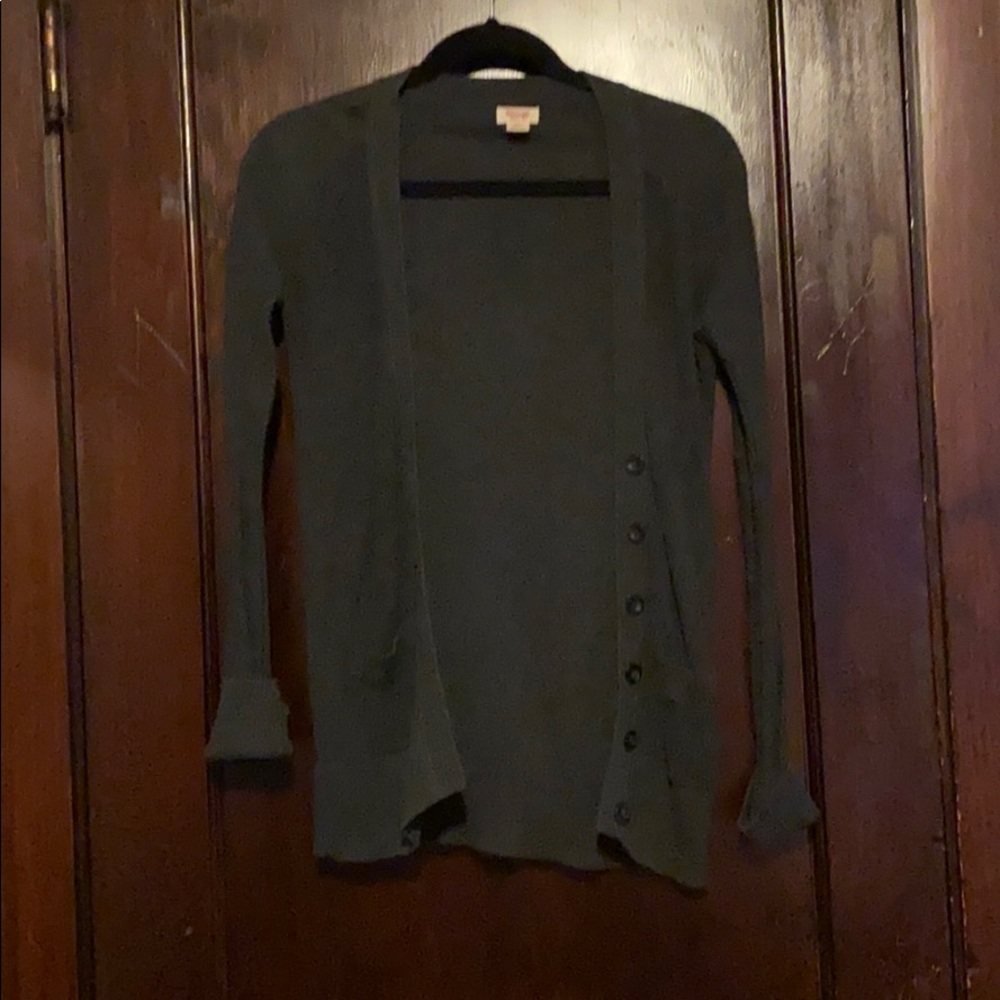 Grey cardigan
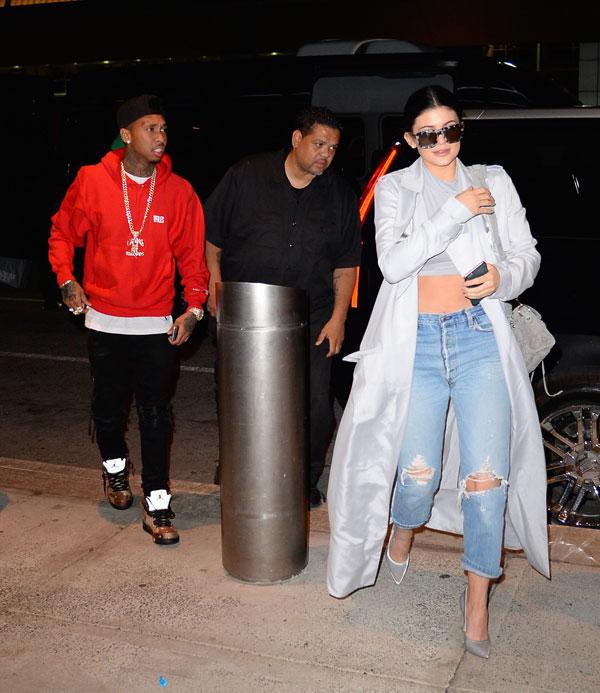 Disconnected! Kylie Jenner Was More Into Her Phone Than Tyga — 11 Signs ...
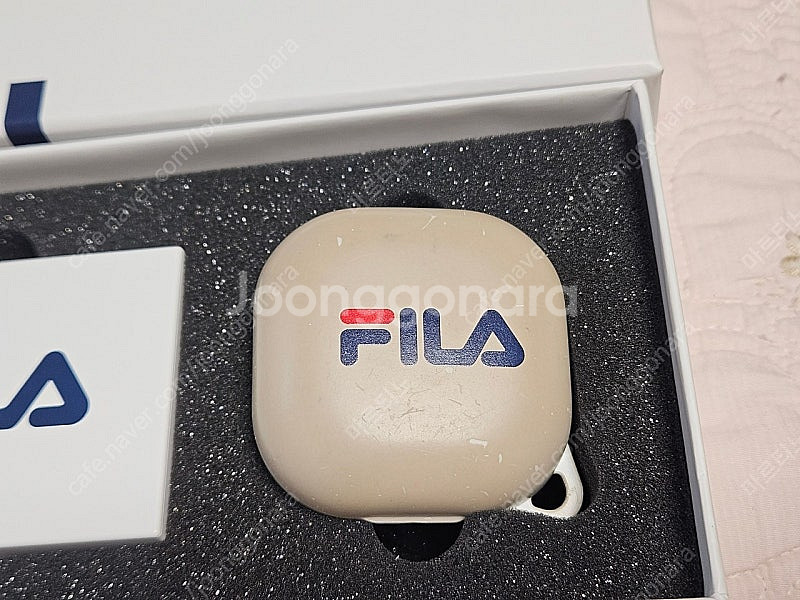 갤럭시 버즈 라이브 FILA 에디션--3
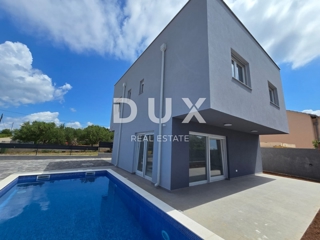 ZADAR, VIR - Moderna hiša z bazenom S2 - Pogled na morje!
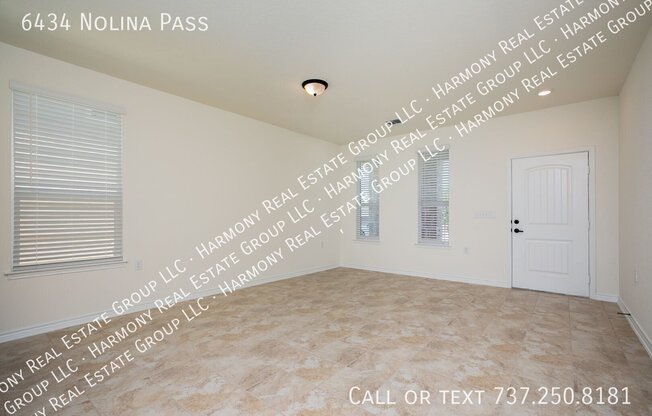 6434 NOLINA PASS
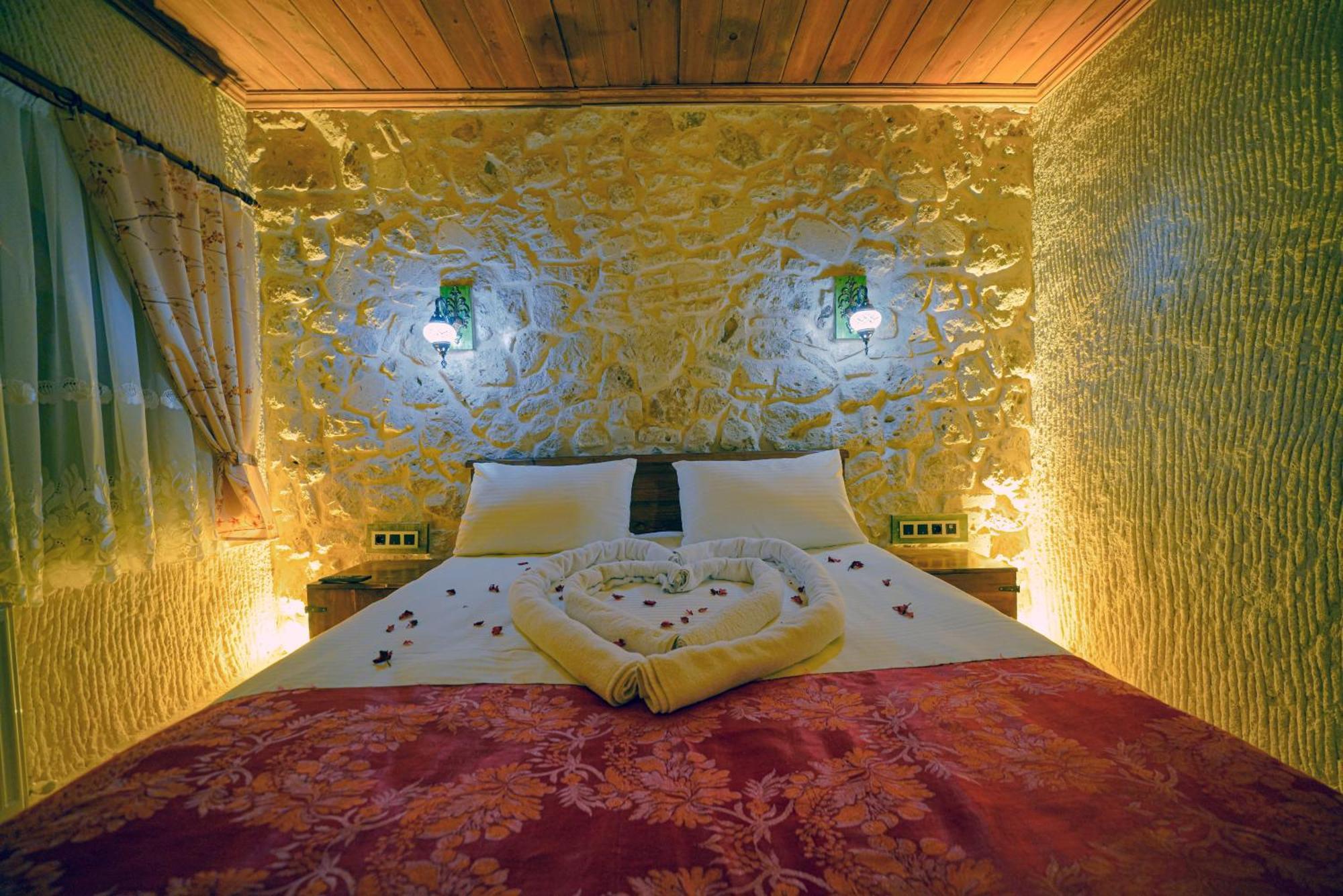 Babili Cappadocia Cave Hotel เนฟซิเฮียร์ ภายนอก รูปภาพ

++++++++++

> _Exercise instructions_
The required output is the line containing "Disconnected! Kylie Jenner" plus every line after it to the end of the data, copied exactly and with no pictures.

> _Problem solution_
 Disconnected! Kylie Jenner Was More Into Her Phone Than Tyga — 11 Signs ...
 갤럭시 버즈 라이브 FILA 에디션--3
 ZADAR, VIR - Moderna hiša z bazenom S2 - Pogled na morje!
 6434 NOLINA PASS
 Babili Cappadocia Cave Hotel เนฟซิเฮียร์ ภายนอก รูปภาพ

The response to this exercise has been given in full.